• Requirement: Please copy the data below exactly; none of the pictures in it belong in the copy.

• Recorded information:
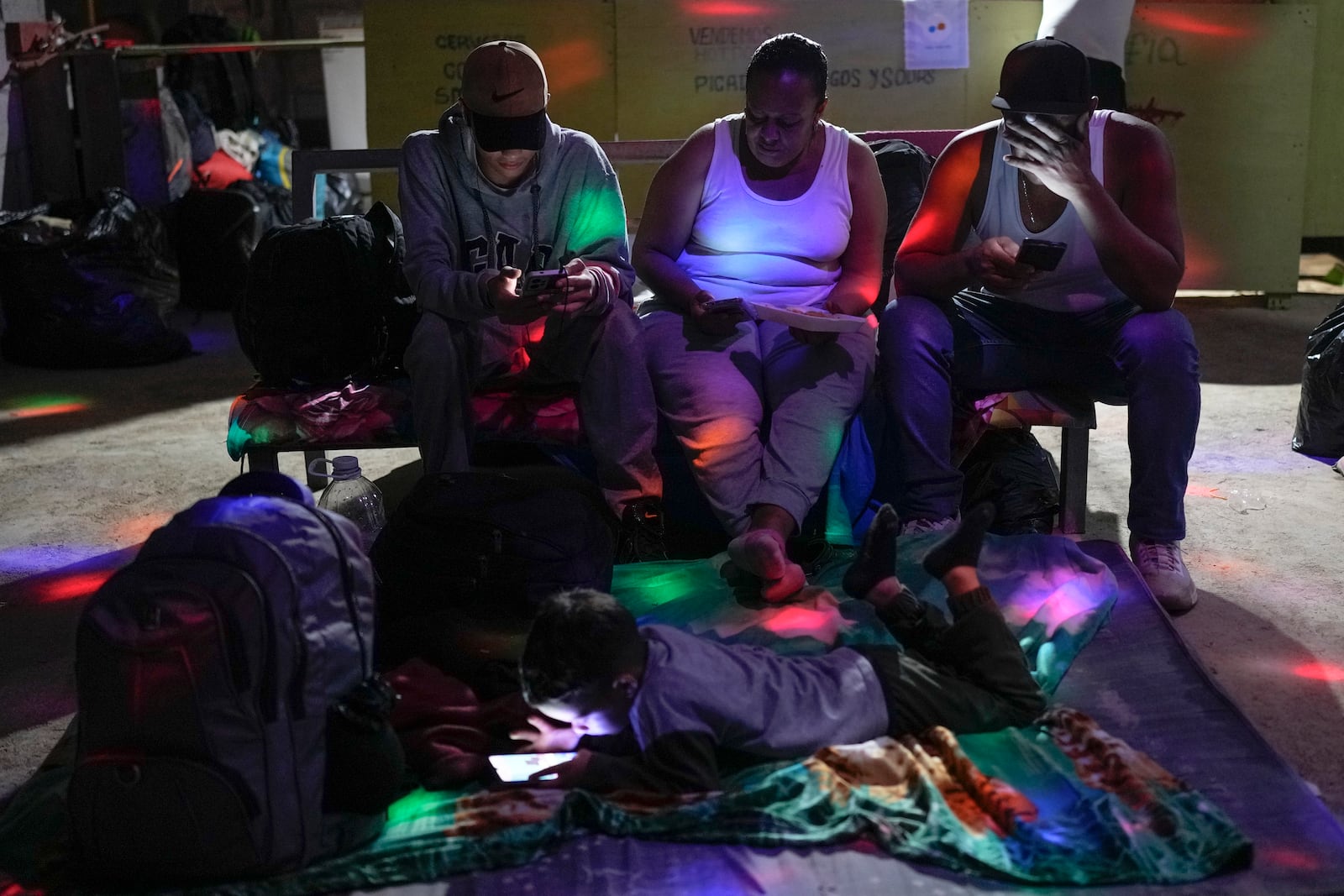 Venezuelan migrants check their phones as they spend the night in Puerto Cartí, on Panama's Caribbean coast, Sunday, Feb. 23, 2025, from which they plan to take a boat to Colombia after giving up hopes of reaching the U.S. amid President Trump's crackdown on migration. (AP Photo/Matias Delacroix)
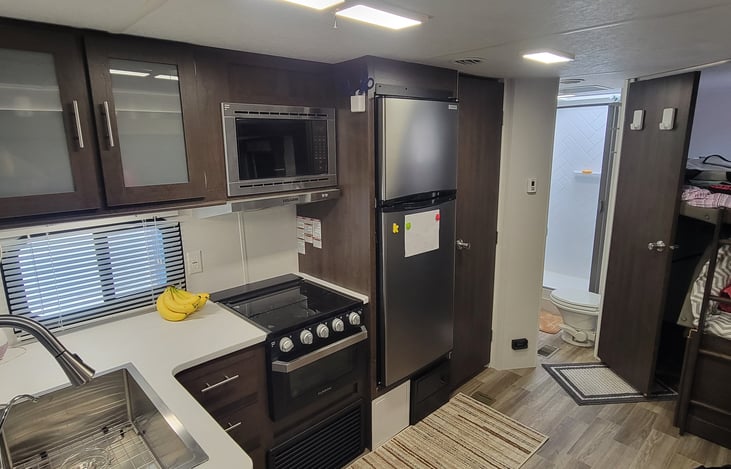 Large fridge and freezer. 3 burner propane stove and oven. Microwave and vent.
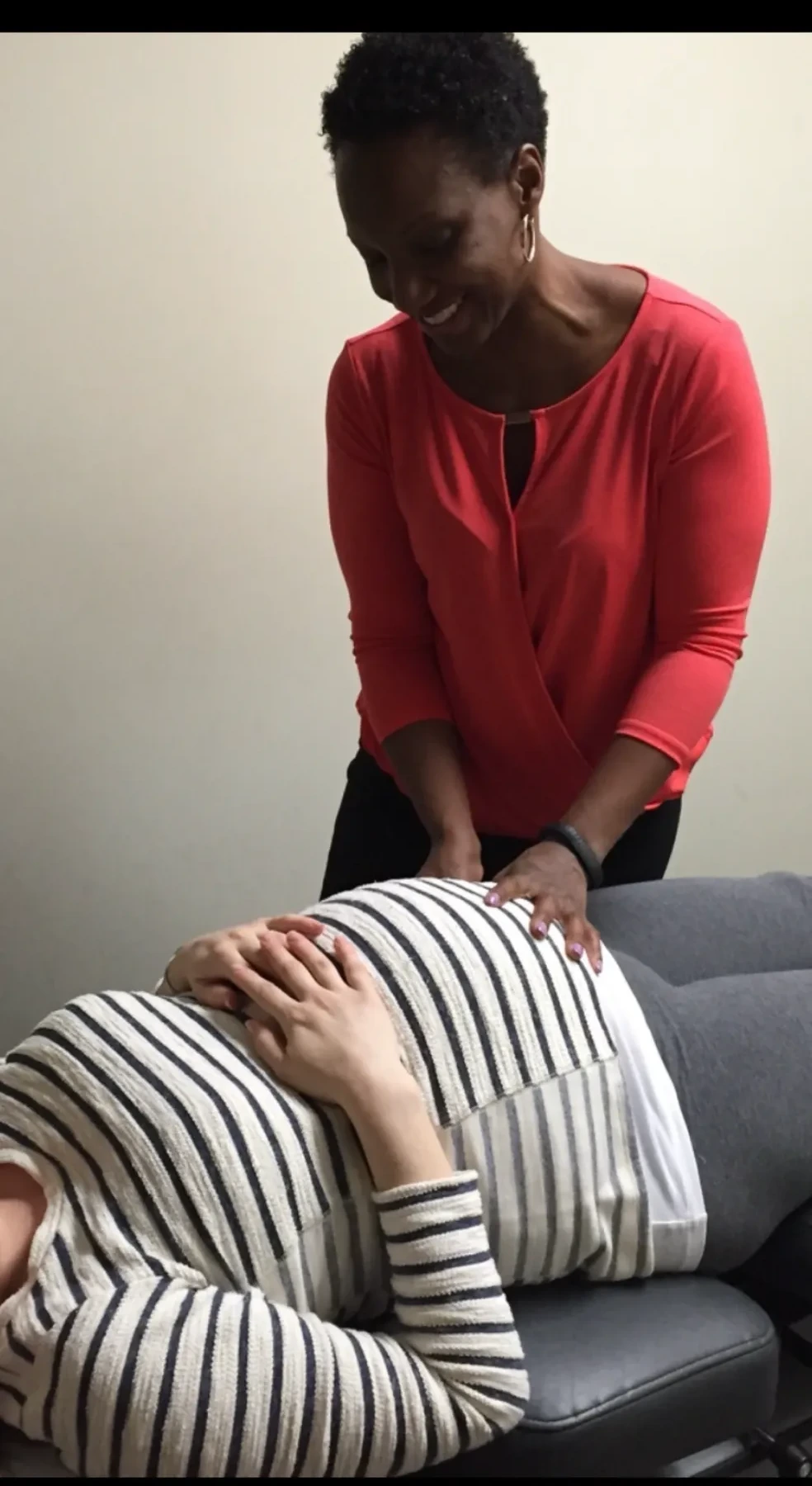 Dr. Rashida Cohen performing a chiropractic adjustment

• Answer section:
 Venezuelan migrants check their phones as they spend the night in Puerto Cartí, on Panama's Caribbean coast, Sunday, Feb. 23, 2025, from which they plan to take a boat to Colombia after giving up hopes of reaching the U.S. amid President Trump's crackdown on migration. (AP Photo/Matias Delacroix)
 Large fridge and freezer. 3 burner propane stove and oven. Microwave and vent.
 Dr. Rashida Cohen performing a chiropractic adjustment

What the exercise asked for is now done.